This culturally courageous and unlikely act of generosity may have been the most important development in Christian history. Had Paul, Peter and many other unnamed Jewish Christians of the time, not found ways of making the quintessential liberal decision to fight their initial reactions of revulsion and to allow their intuitive love of fairness and Gospel inclusiveness to win out, it is likely that Christianity would have lived and died as a provincial Jewish sect.
Here we describe a scenario in a church that is working toward becoming a liberal and evangelical congregation. Traditionally the church has had a largely white membership, but lately greater numbers of African-Americans have begun to attend and join. Most in the congregation are happy that the church is growing but there are tensions. As the demographics of the church change, the dynamics of worship slowly evolve too, and not everyone is comfortable with these changes. Liberals and conservatives in the church are becoming increasingly combative.
Some of the more conservative members of the church fear that the congregation is losing its denominational identity. They sense that the congregation feels less cohesive and less like a family, and they are especially troubled by the loss of a place in the service for quite reflection and silent worship. Such changes are too much for them and they fear that they are becoming “a black church.”
Meanwhile, liberals in the congregation are eager to include the African-American members and to adapt the church’s worship style and social concerns to reflect the traditions and expectations of the new African-American members. They are impatient with the conservatives and are quick to suggest that there may be some latent racism at work in their concerns to preserve the ways of past.
Using Haidt’s theory of the five domains of moral intuition, try to empathize with both the conservatives and the liberals without caricaturing either position.
- What might the conservative members value and fear losing that may be genuinely valuable?
- What kinds of moral intuitions regarding the purity and simplicity of worship might they be trying to preserve?
- What authorities might conservatives perceive to be threatened by the direction in which the church is moving?
- Might liberals in the congregation fear the same things?
- How do liberals overcome these fears and emphasize other priorities?
You may also want to reverse this scenario and imagine a historically African-American church that is beginning to attract large numbers of white Christians. How might African-American conservatives, anxious to preserve their own church identity and worship style, react to the perceived threat from new members? How might their fears be most effectively communicated to the liberals in the congregation?
For Further Thought
Part III of Lost argues that three of the most important differences between liberals and conservatives involve (1) their different expectations of institutions, (2) their different understanding of the ideal relationship between religious and governmental institutions, and (3) their differing strategies for balancing moral intuitions. These differences are real, and a frank expression of them may cause some moderates to despair of ever finding a compelling middle way. The far right and far left each have charismatic spokespeople and can articulate visions of how to shape a better world, while moderates may feel that we are left trying to cobble together a coherent position from the scraps that fall from the liberal and conservative tables.
Part III argues that this conclusion is a mistake. We should not see ourselves as occupying unstable territory between socially viable but warring powers.
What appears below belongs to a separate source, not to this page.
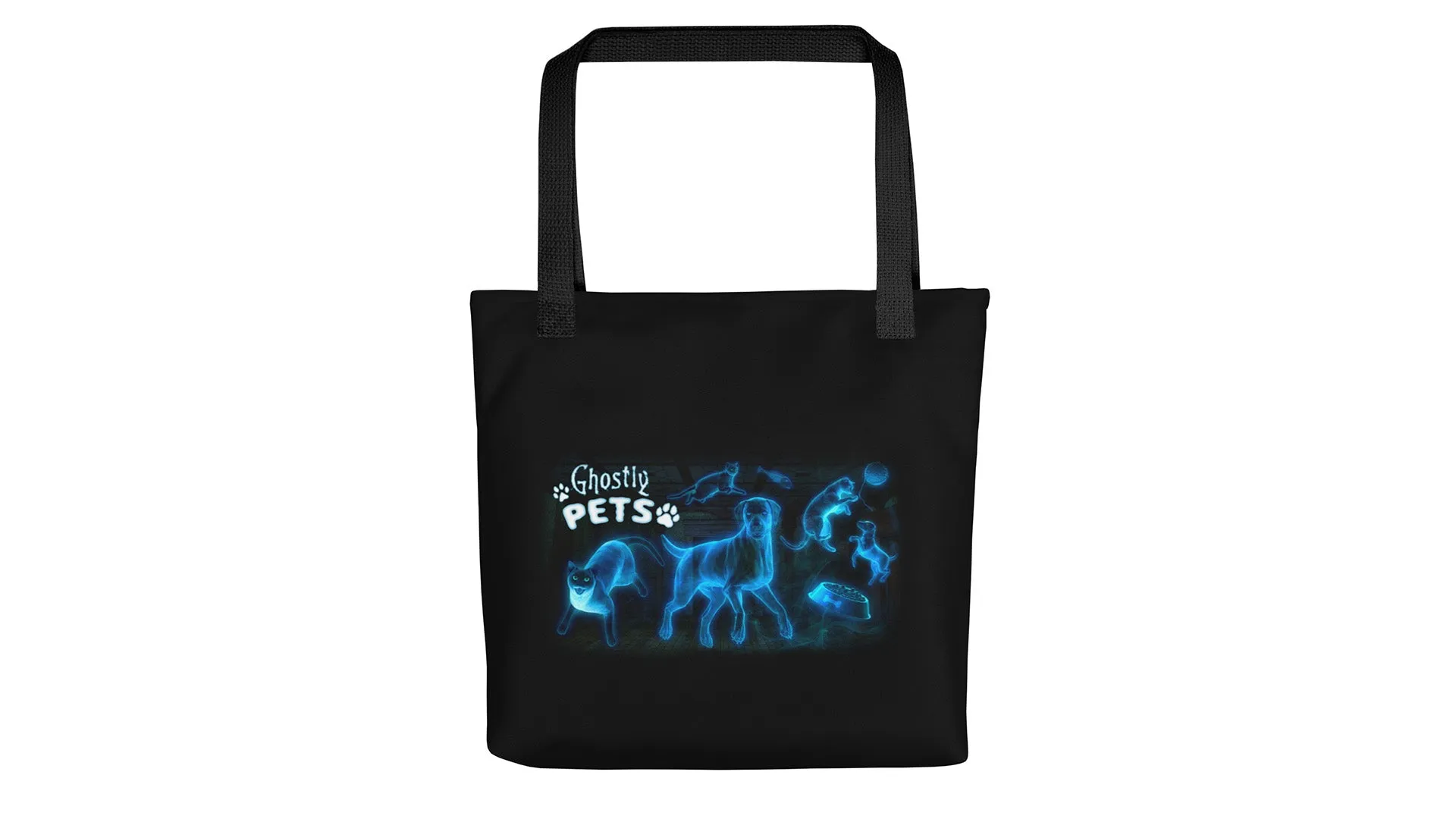 Ghostly Pets Tote Bag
On the contrary, moderates are capable of recognizing what is good, true, and valuable in the extremes without having to deny the other end of the spectrum. We are well placed to take advantage of the embarrassment of riches that God’s good creation provides for us.
On the issue of institutional expectations the far left trumpets liberty while the right calls for respect for traditional values. The moderate need not decide between incompatible options but can recognize the value of both and the need for balance. Taking up the moderate stance, how would you articulate the value of institutions and the value of liberty? How would you suggest that we maintain a living balance between these two goods?
On the issue of the relationship between government and religion the right works to unify the two spheres while the left works to keep them sealed off from one another. Moderates, by contrast, can recognize that the boundary between these two is frequently permeable while affirming the importance of some degree of separation. Taking up the moderate stance, how would you articulate the proper relationship between religion and society?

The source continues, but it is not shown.